What you have to do: Reproduce each entry below in full, exactly as it was given.

Given data:
....................

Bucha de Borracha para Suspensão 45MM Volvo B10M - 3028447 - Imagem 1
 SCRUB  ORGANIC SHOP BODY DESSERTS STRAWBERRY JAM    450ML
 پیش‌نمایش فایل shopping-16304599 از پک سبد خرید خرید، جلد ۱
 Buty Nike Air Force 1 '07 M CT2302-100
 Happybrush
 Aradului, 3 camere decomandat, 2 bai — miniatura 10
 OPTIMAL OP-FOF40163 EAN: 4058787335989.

....................

Result:
Bucha de Borracha para Suspensão 45MM Volvo B10M - 3028447 - Imagem 1
 SCRUB  ORGANIC SHOP BODY DESSERTS STRAWBERRY JAM    450ML
 پیش‌نمایش فایل shopping-16304599 از پک سبد خرید خرید، جلد ۱
 Buty Nike Air Force 1 '07 M CT2302-100
 Happybrush
 Aradului, 3 camere decomandat, 2 bai — miniatura 10
 OPTIMAL OP-FOF40163 EAN: 4058787335989.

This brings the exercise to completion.